Exercise brief:
Leave every picture out and write out the records below exactly.

Task material:
▽
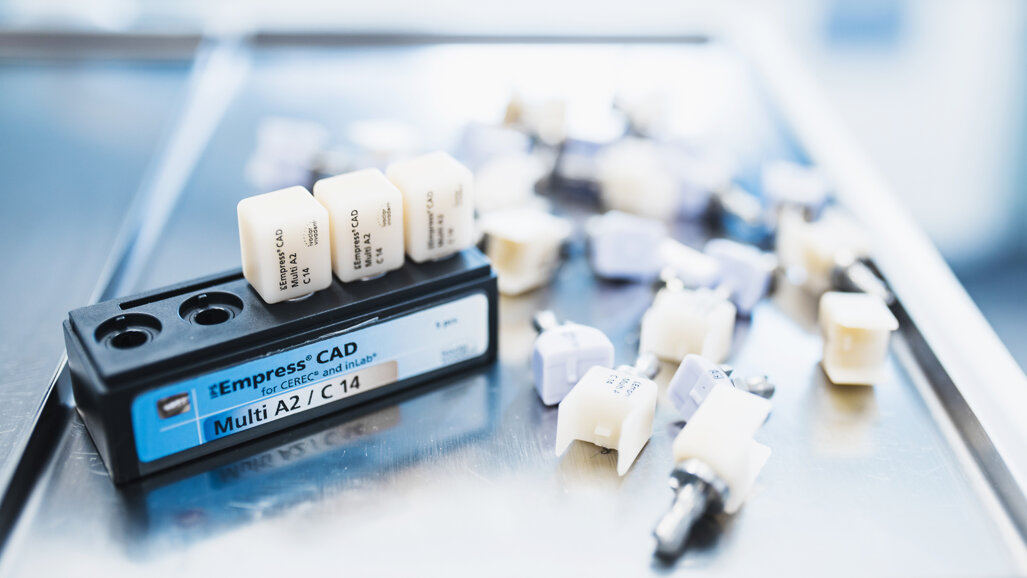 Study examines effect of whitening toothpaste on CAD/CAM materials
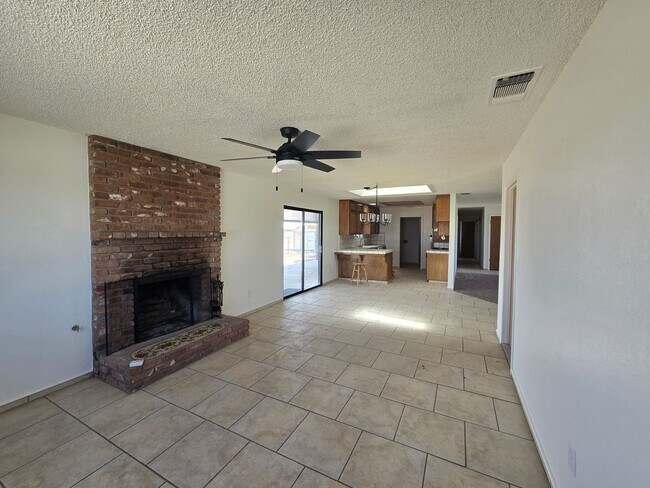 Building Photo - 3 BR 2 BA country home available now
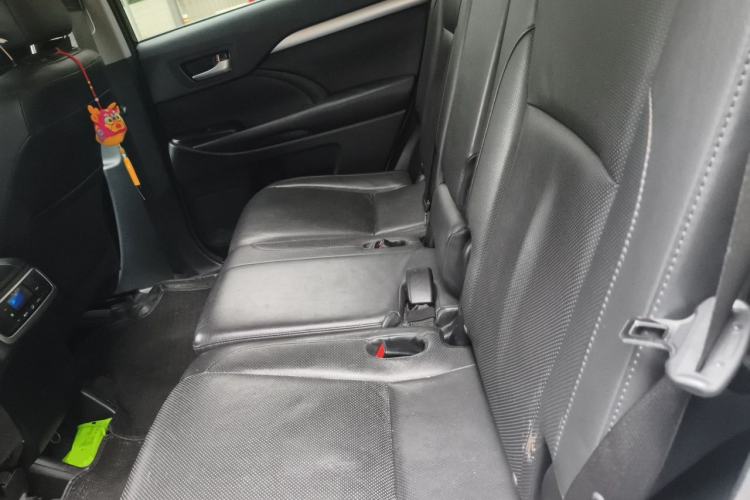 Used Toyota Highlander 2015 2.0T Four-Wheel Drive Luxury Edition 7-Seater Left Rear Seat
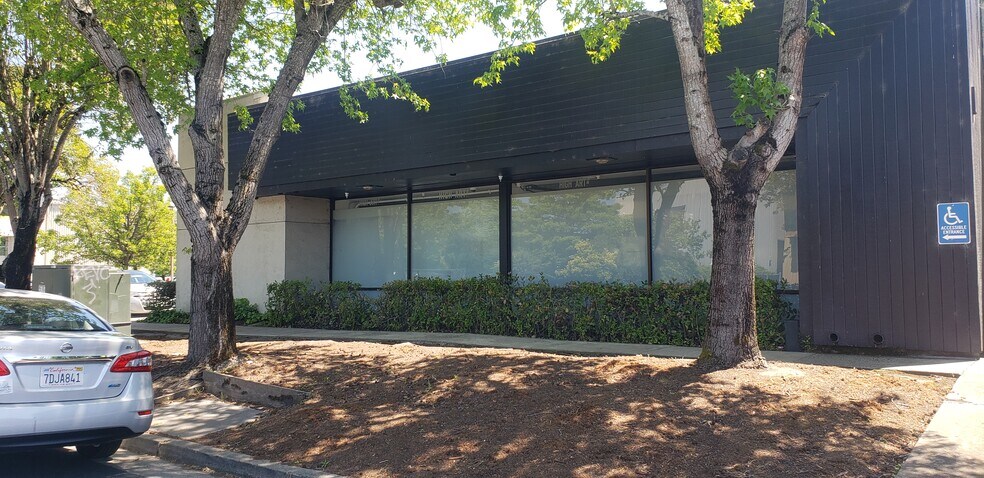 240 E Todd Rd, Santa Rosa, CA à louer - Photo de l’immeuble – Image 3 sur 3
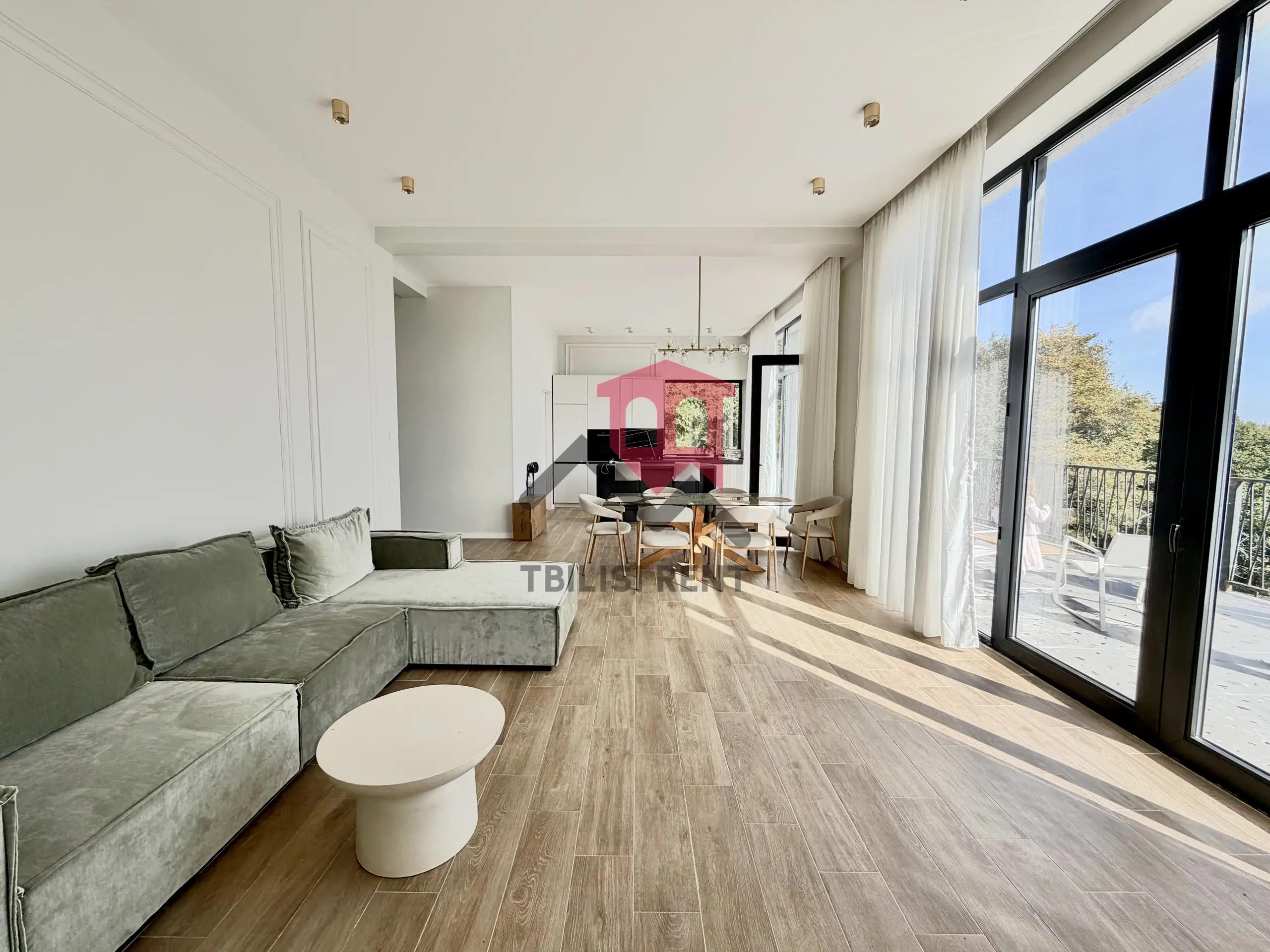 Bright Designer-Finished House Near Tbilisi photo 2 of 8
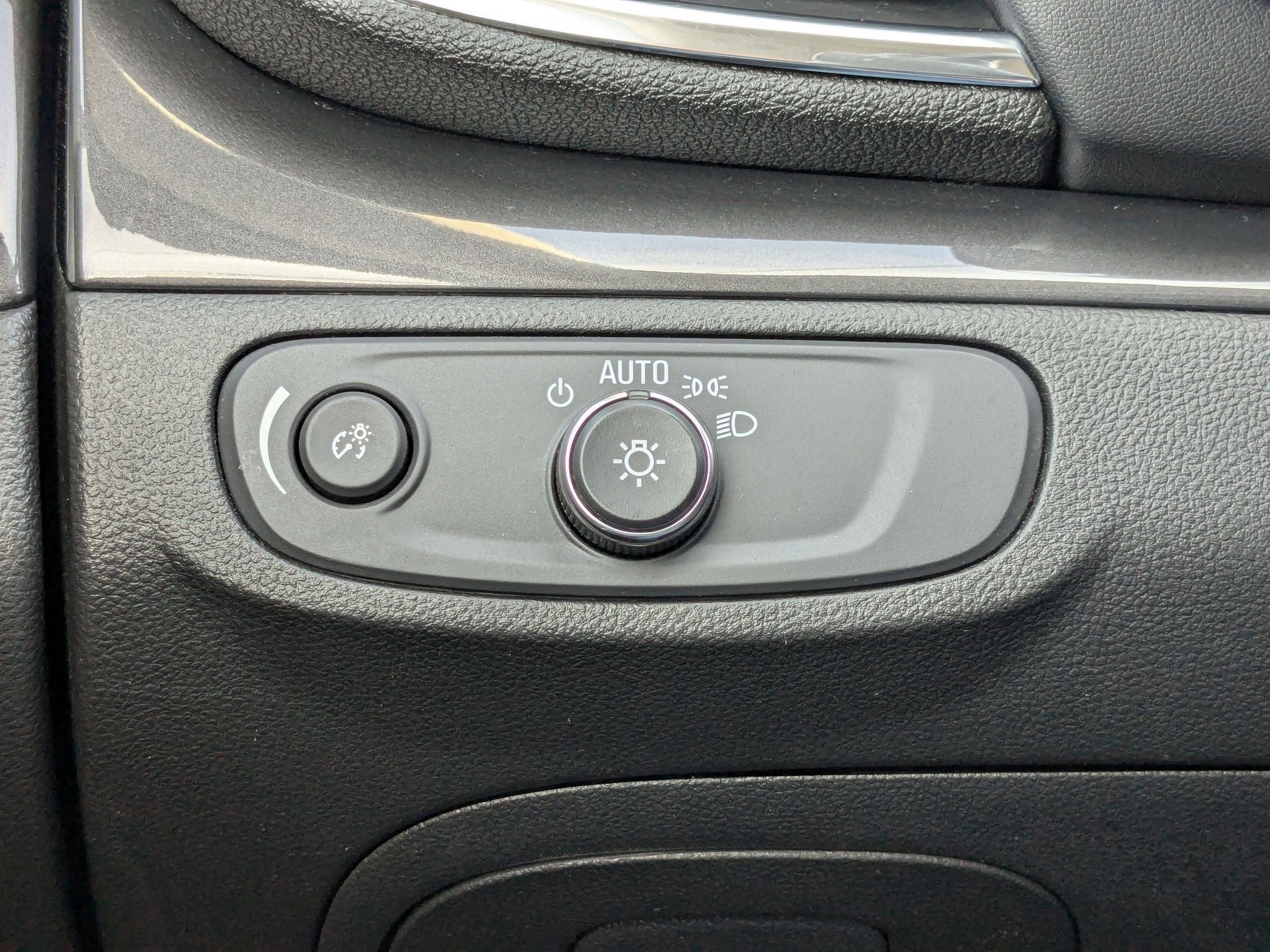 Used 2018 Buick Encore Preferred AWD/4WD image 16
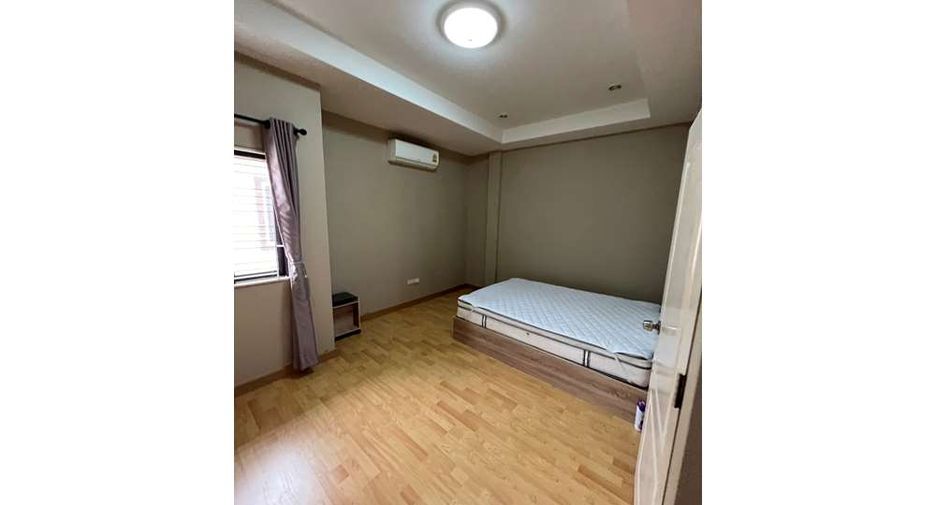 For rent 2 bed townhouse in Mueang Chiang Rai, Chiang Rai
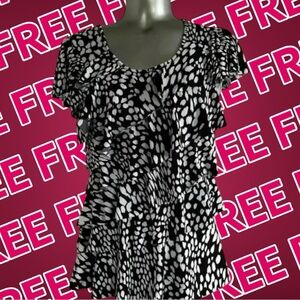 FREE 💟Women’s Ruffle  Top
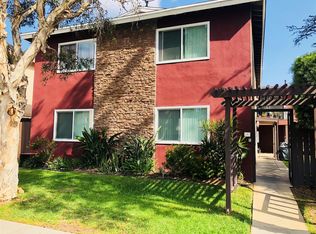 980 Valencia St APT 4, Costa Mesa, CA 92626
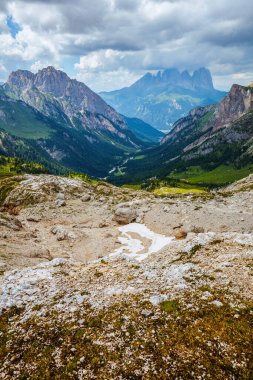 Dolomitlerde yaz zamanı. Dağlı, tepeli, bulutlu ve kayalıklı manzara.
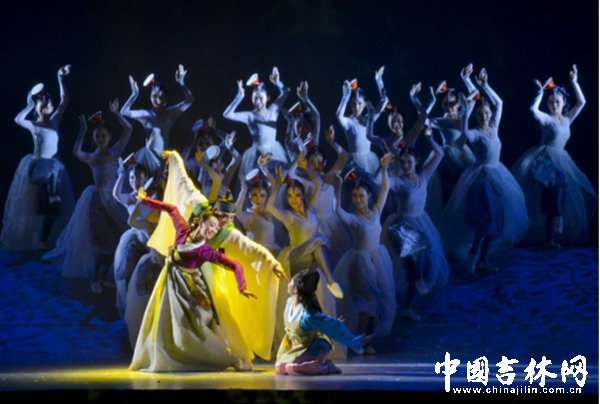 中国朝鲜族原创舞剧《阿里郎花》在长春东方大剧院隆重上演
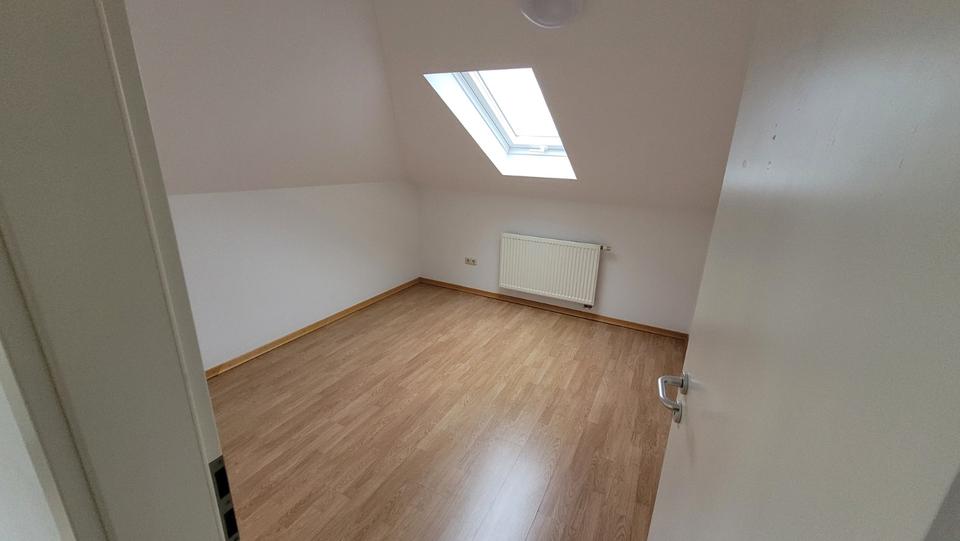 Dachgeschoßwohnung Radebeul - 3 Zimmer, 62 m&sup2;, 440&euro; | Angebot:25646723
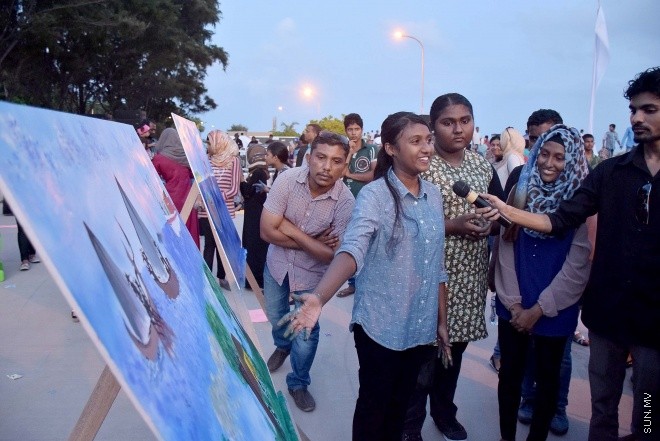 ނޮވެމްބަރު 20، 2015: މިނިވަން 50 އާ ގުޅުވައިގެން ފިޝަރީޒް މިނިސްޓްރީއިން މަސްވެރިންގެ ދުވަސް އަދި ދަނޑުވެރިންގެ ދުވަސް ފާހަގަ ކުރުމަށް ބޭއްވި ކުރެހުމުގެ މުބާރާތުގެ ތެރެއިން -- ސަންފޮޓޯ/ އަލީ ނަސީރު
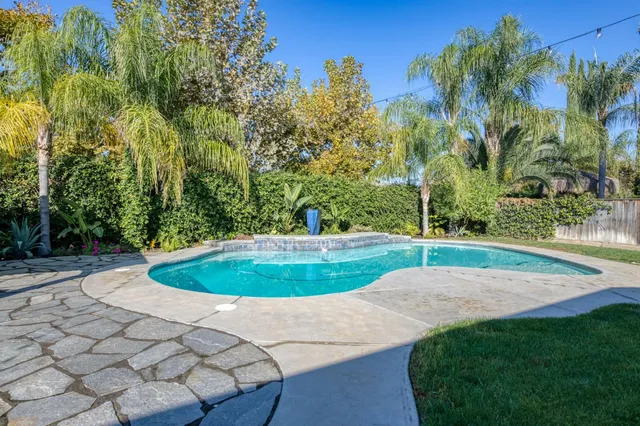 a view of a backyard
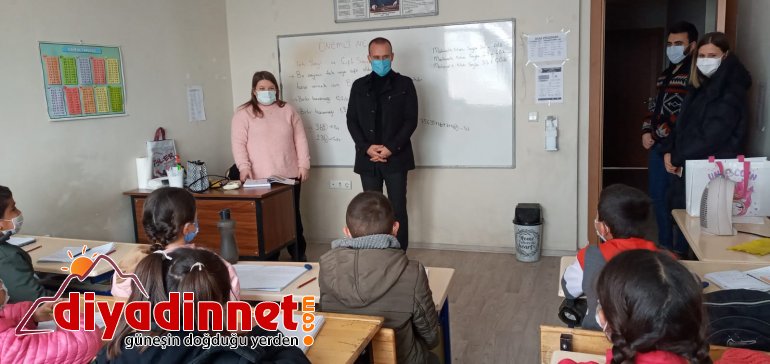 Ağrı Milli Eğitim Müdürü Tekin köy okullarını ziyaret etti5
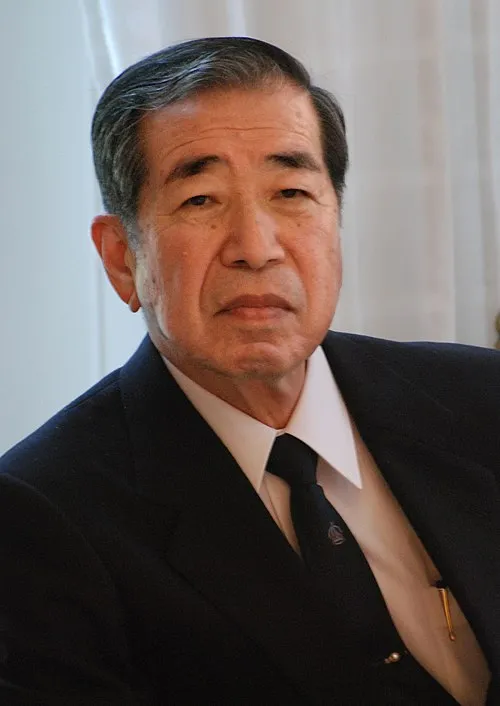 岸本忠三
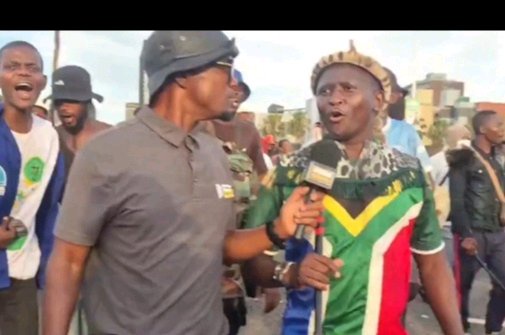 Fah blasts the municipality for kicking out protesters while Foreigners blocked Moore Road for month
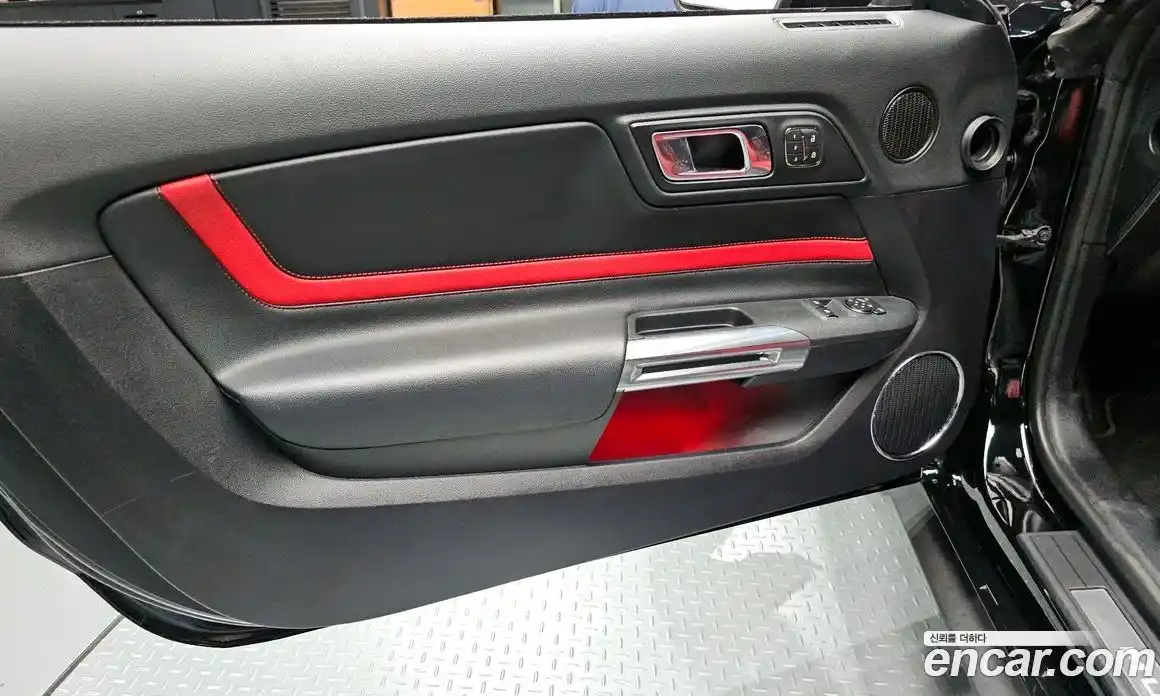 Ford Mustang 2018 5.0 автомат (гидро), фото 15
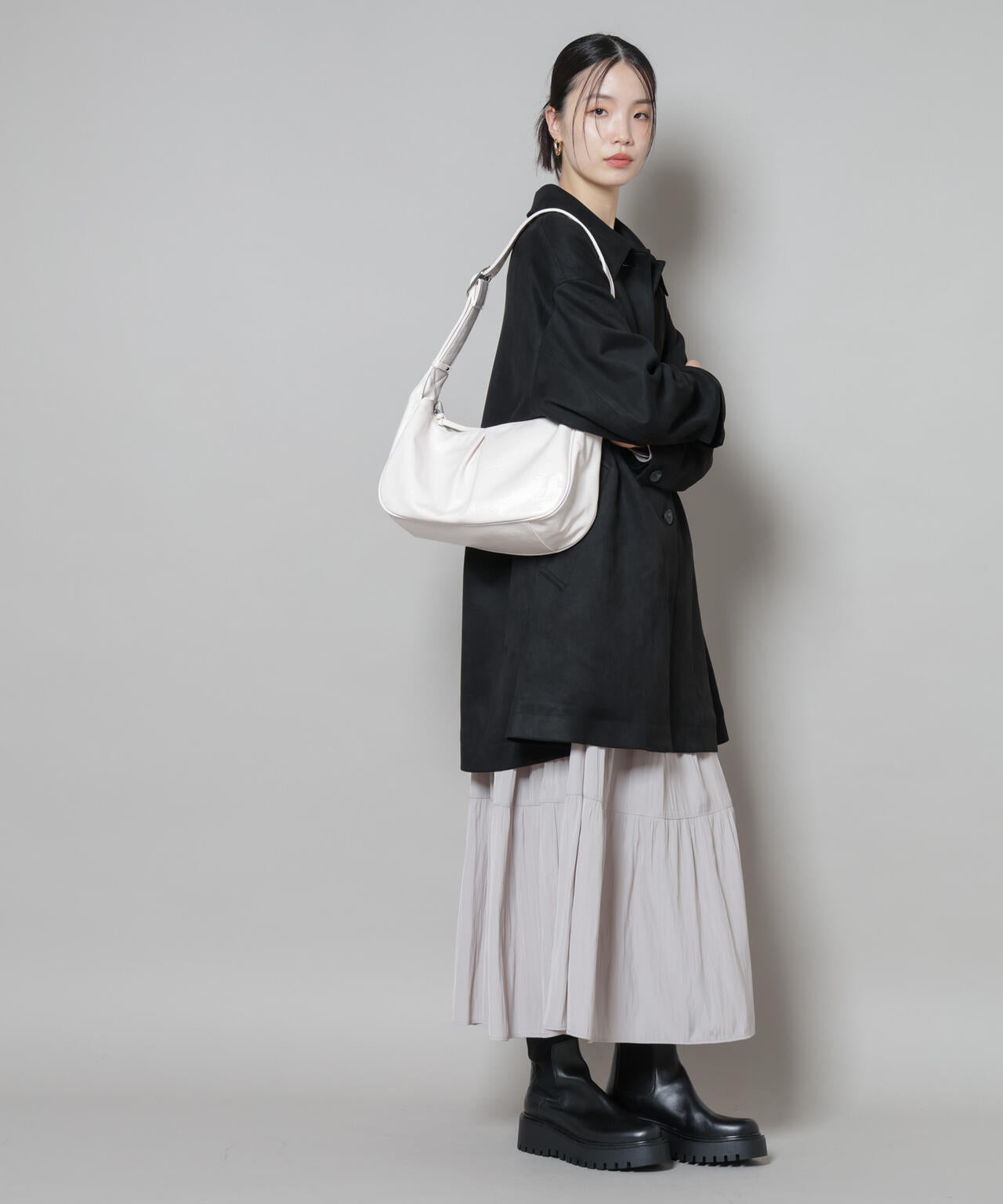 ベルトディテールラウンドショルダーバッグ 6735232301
△
Solution to the exercise:
 Study examines effect of whitening toothpaste on CAD/CAM materials
 Building Photo - 3 BR 2 BA country home available now
 Used Toyota Highlander 2015 2.0T Four-Wheel Drive Luxury Edition 7-Seater Left Rear Seat
 240 E Todd Rd, Santa Rosa, CA à louer - Photo de l’immeuble – Image 3 sur 3
 Bright Designer-Finished House Near Tbilisi photo 2 of 8
 Used 2018 Buick Encore Preferred AWD/4WD image 16
 For rent 2 bed townhouse in Mueang Chiang Rai, Chiang Rai
 FREE 💟Women’s Ruffle  Top
 980 Valencia St APT 4, Costa Mesa, CA 92626
 Dolomitlerde yaz zamanı. Dağlı, tepeli, bulutlu ve kayalıklı manzara.
 中国朝鲜族原创舞剧《阿里郎花》在长春东方大剧院隆重上演
 Dachgeschoßwohnung Radebeul - 3 Zimmer, 62 m&sup2;, 440&euro; | Angebot:25646723
 ނޮވެމްބަރު 20، 2015: މިނިވަން 50 އާ ގުޅުވައިގެން ފިޝަރީޒް މިނިސްޓްރީއިން މަސްވެރިންގެ ދުވަސް އަދި ދަނޑުވެރިންގެ ދުވަސް ފާހަގަ ކުރުމަށް ބޭއްވި ކުރެހުމުގެ މުބާރާތުގެ ތެރެއިން -- ސަންފޮޓޯ/ އަލީ ނަސީރު
 a view of a backyard
 Ağrı Milli Eğitim Müdürü Tekin köy okullarını ziyaret etti5
 岸本忠三
 Fah blasts the municipality for kicking out protesters while Foreigners blocked Moore Road for month
 Ford Mustang 2018 5.0 автомат (гидро), фото 15
 ベルトディテールラウンドショルダーバッグ 6735232301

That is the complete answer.